Aim of the exercise.
Print the data below exactly as it stands, and keep the pictures out.

START Given information

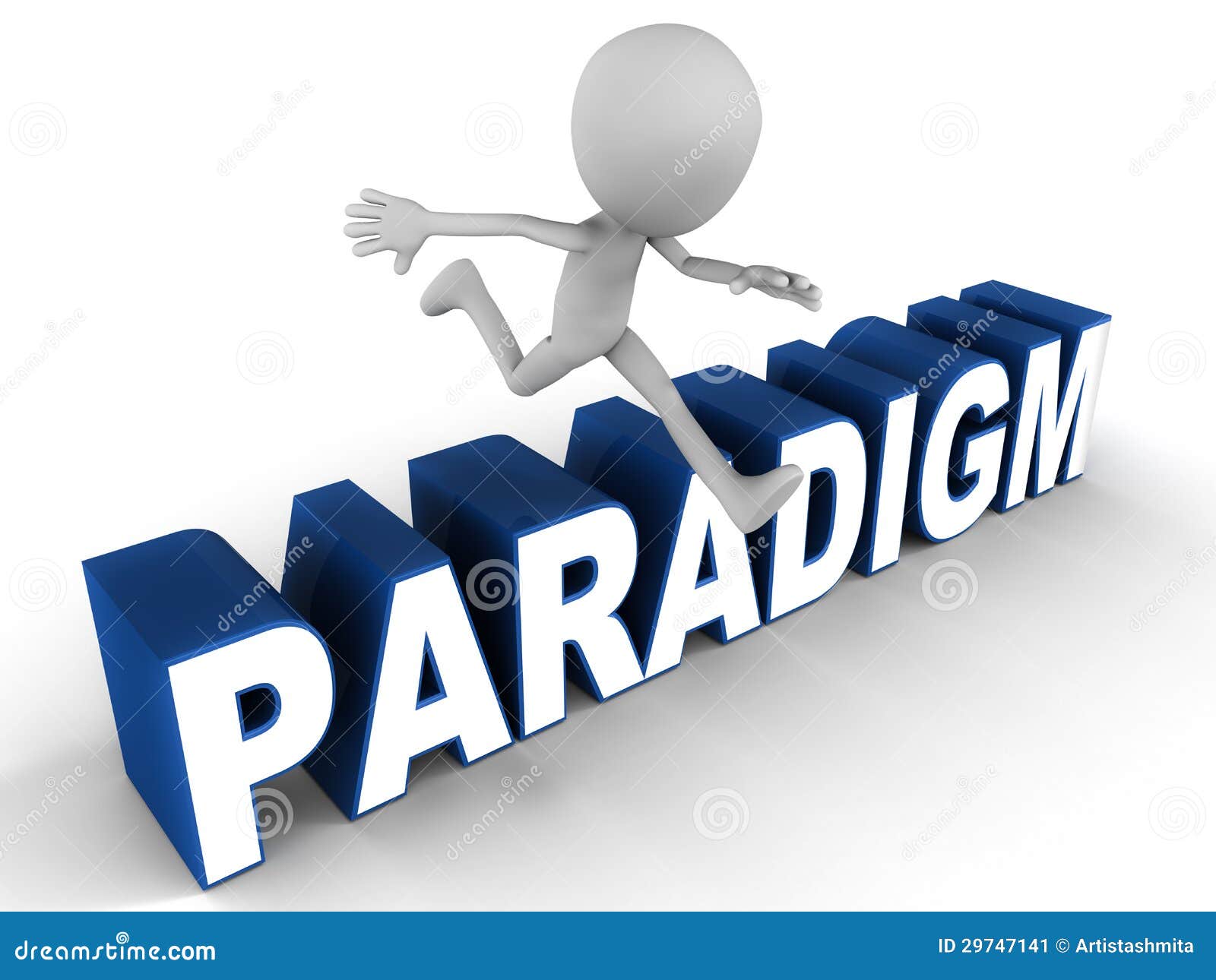 paradigm shift business paradigm shift business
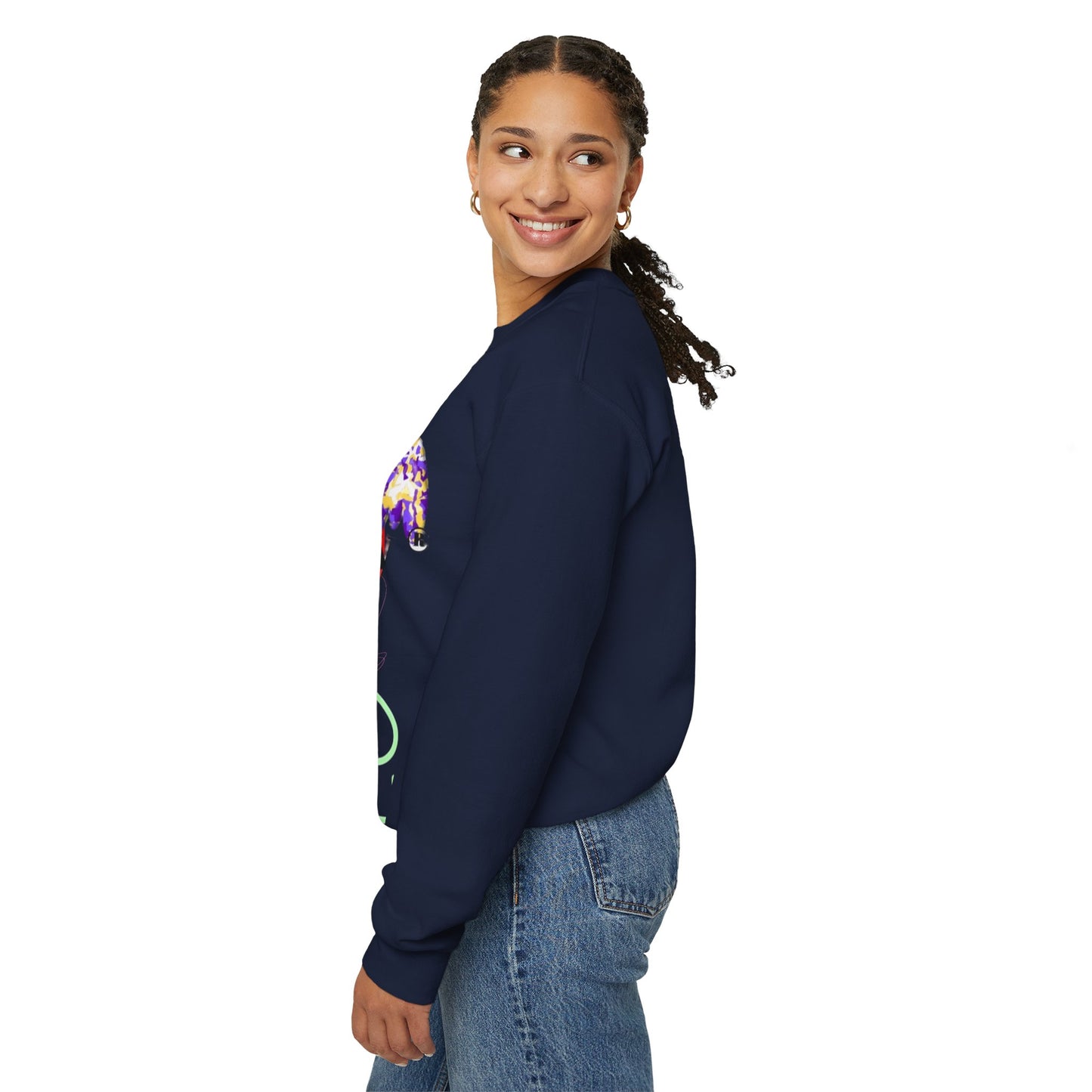 Deadfamily® ovadose Unisex Heavy Blend™ Crewneck Sweatshirt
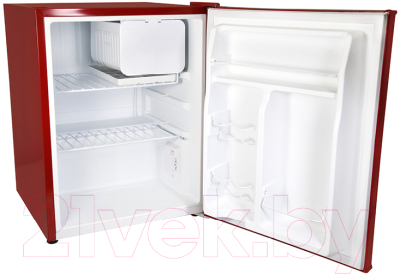 Холодильник с морозильником Oursson RF0710/DC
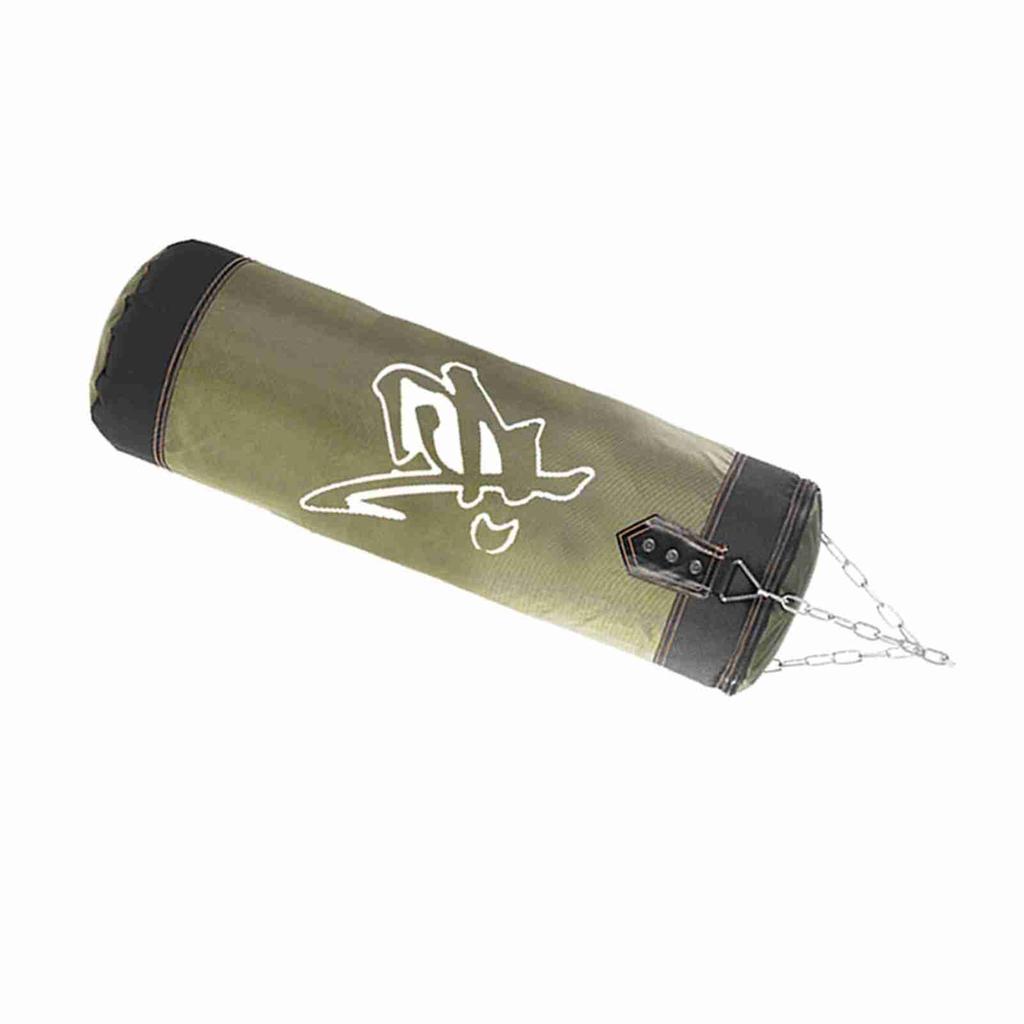 Empty Training Boxing Hook Sandbag Fight Karate Punch Punching Sand Bag Sandbag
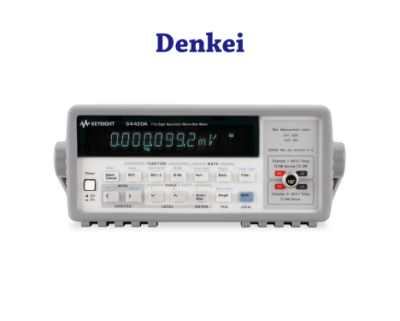 Keysight 34420A-dong-ho-van-nang-denkei
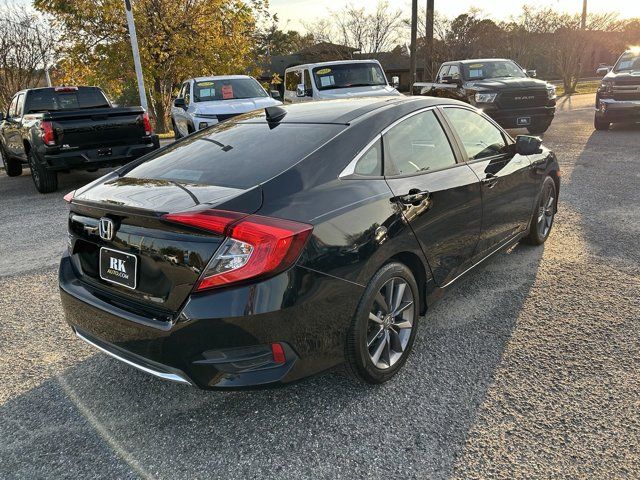 2020 Honda Civic EX-L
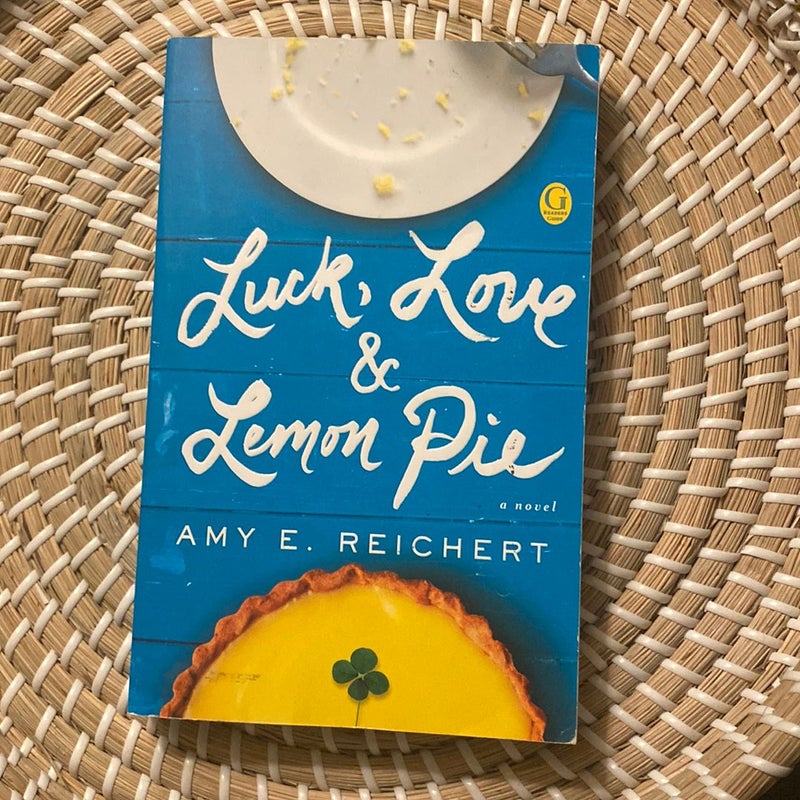 Luck, Love and Lemon Pie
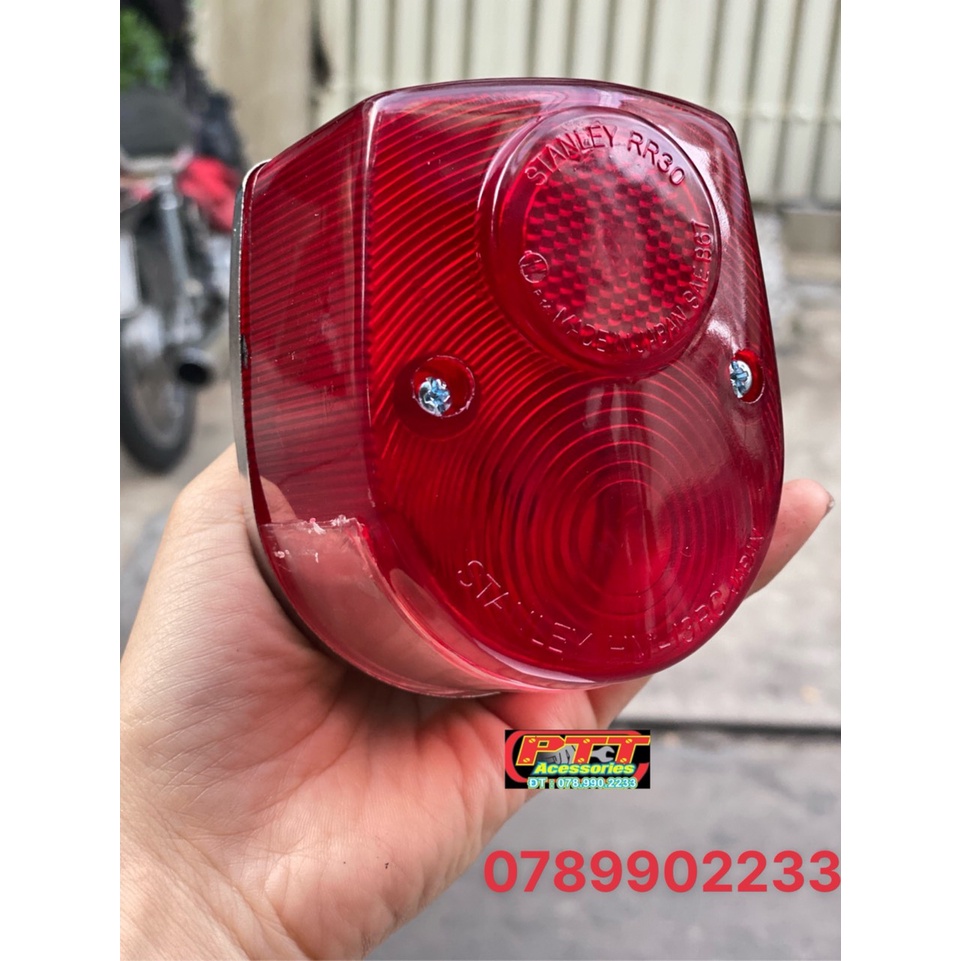 BỘ  ĐÈN + XI NHAN TRƯỚC - SAU XE CUB 81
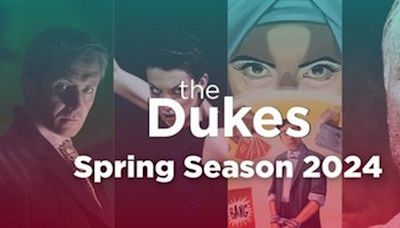 Emergence to Present 2024 Triple Bill at Dukes, Lancaster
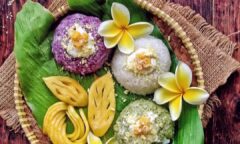Resep Ketan Mangga Thailand Dari friel_sit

END Given information

Written response.
 paradigm shift business paradigm shift business
 Deadfamily® ovadose Unisex Heavy Blend™ Crewneck Sweatshirt
 Холодильник с морозильником Oursson RF0710/DC
 Empty Training Boxing Hook Sandbag Fight Karate Punch Punching Sand Bag Sandbag
 Keysight 34420A-dong-ho-van-nang-denkei
 2020 Honda Civic EX-L
 Luck, Love and Lemon Pie
 BỘ  ĐÈN + XI NHAN TRƯỚC - SAU XE CUB 81
 Emergence to Present 2024 Triple Bill at Dukes, Lancaster
Resep Ketan Mangga Thailand Dari friel_sit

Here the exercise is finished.